Introduction

The Cornea Field is located offshore Western Australia, in the Yampi Shelf of the north-eastern Browse Basin with an area of approximately 1755 km2. The Browse Basin was an extensional half-graben, with upper crustal faulting resulted in half-graben geometry with large-scale normal fault compartmentalizing the basin into sub-basin. Extensional faulting was concentrated on the north-eastern part of Caswell Sub-Basin and western margin of Prudhoe Terrace, and this formed Heywood Graben (Australia and Australia Geoscience 2011a, b; Australia 2012a; Michele 1999; Tuohy 2009a; Poidevin et al. 2015). The Yampi Shelf is located at the transition zone between two major compartments. The boundary zone was acted as the fault relay zone (Fig. 1). However, the fault displacement on the Yampi Shelf depleted to the northeast area (Obriena et al. 2005) stated that the fault and trap reactivation was minimal to absent across the Yampi Shelf and considered not an important feature. However, seal integrity was more likely to occur. Gas chimneys and hydrogen-related diagenetic zones (HRDZs) spread over the accretion and extended to the regional seal on laps the basement highs on the east. Alkaif (2015) also showed that from the literature and seismic data (Ishak et al. 2018) faults die at the basement in the Cornea Field. Ingram et al. (2000) also stated that the tectonic activity was not apparent in the area with only deformation by gravitational movements and compaction in the basement zone. Therefore, no faults were considered.

Fig. 1
figure 1

Structural element of Browse Basin: Cornea Field on the upper right side of the map (black lines represent faults) (Australia 2012b)

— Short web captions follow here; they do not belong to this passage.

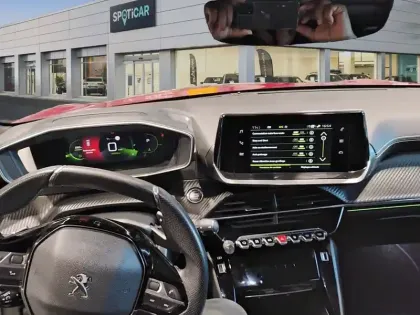 Photo 9 Peugeot 208  PureTech 100 S&S EAT8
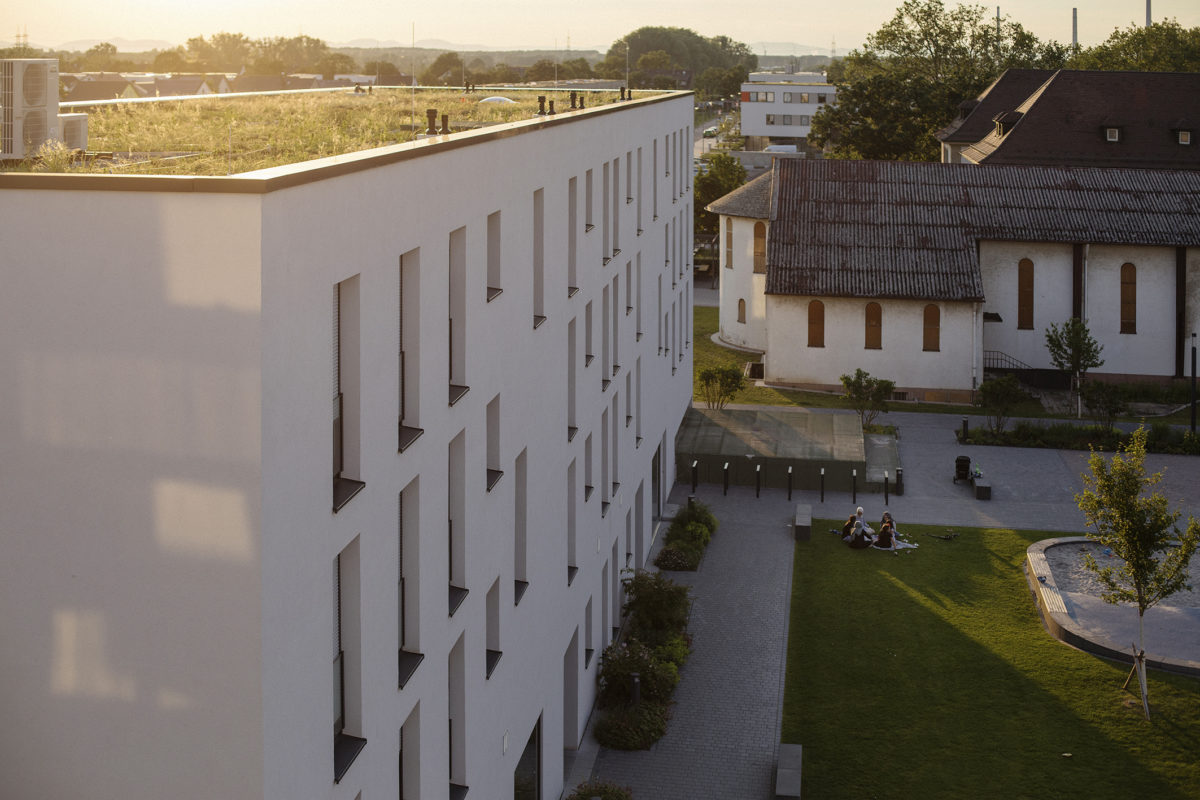 Hausfassade eines Mietshauses der Volkswohnung in Knielingen 2.0.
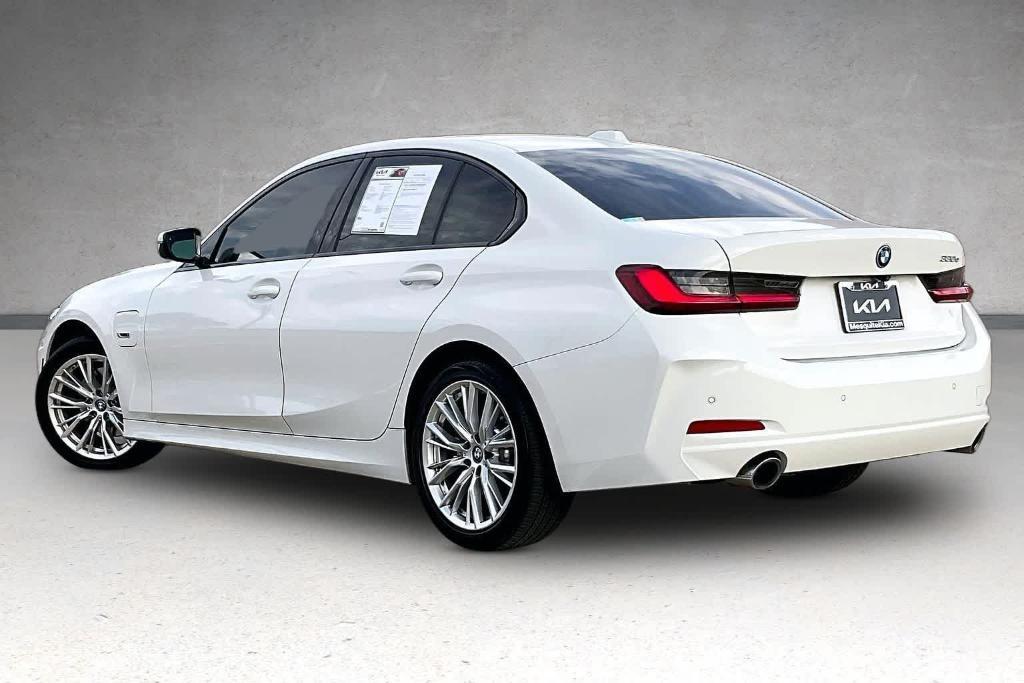 BMW 330 2023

The Cornea structure is a simple trap configuration consisting of a large, elongated, four-way dip closure formed by an unfaulted drape anticline of the Albian sandstone (comprised of zones A, B, C, D and E) of upper Heywood Formation over an eroded basement high (Fig. 2). The hydrocarbon accumulation consists of an expanded gas cap over a thin discontinuous oil rim (Poidevin et al. 2015). Most studies showed that the fault was unlikely to be present in the Cornea Field. However, there were faults existed around the Yampi Shelf zone where Cornea Field is located so there is a possibility for faults to developed in the reservoir. Ingram et al. (2000) stated that fault may not be present in the seismic; however, fault might present in the reservoir and seal depth. Sea floor was seen to demonstrate some linear features in the seismic, and there is a possibility of a strike-slip fault due to near surface stress disturbance. A significant amount of hydrocarbon has been discovered in the cornea field, and also a commercial development of the Cornea Oil Field is possible .

Fig. 2
figure 2

Seismic lines across Cornea Field (Ingram et al. 2000)

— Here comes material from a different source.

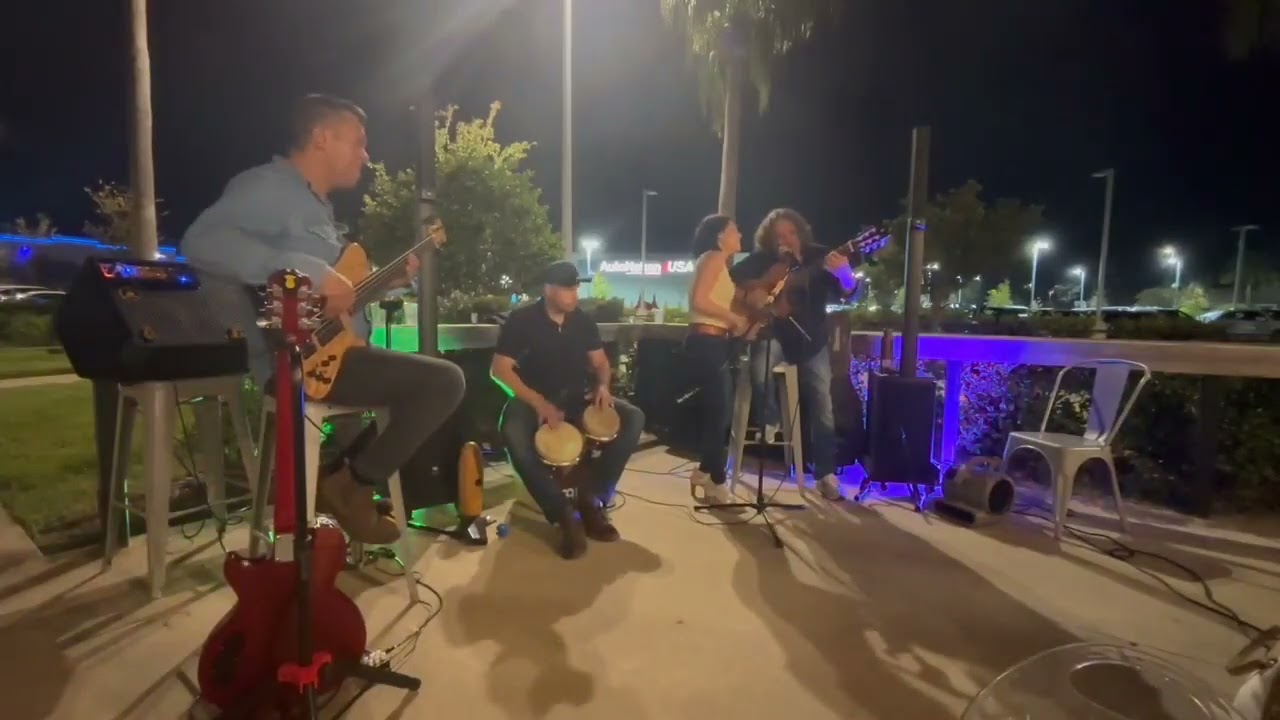 El Mago Guitar - Cigars International 18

However, there were challenges involved in the evaluation (Naser et al. 2007) of the productivity of the wells and the recovery of the oil production (Ltd 2014). Therefore, the aim of this study is to consider the fault existence in the Cornea field and to foresee the effect of the fault transmissibility on the Cornea Field that might impact the reservoir production. There are three areas in the Cornea Field: Cornea South, Cornea Central and Cornea North. This paper only focuses on Cornea South and Cornea Central.

Research done in 1999 by Michele G. Bishop stated that the Cornea 1 was reported to have encountered from 600 MBBL (\(95\times 10^{6}\) sm3) of oil to 2.6 BBBL (\(413\times 10^{6}\) sm3) of oil in place. This discovery was considered to be the first commercially producible oil in the Browse Basin. The Cornea discovery proved that a large volume of oil has been generated in the mature central portion of the basin; however, no production tests were attempted and it was confirmed that migration and charge have occurred (Australia and Australia Geoscience 2011b; Australia 2012b; Bishop 1999).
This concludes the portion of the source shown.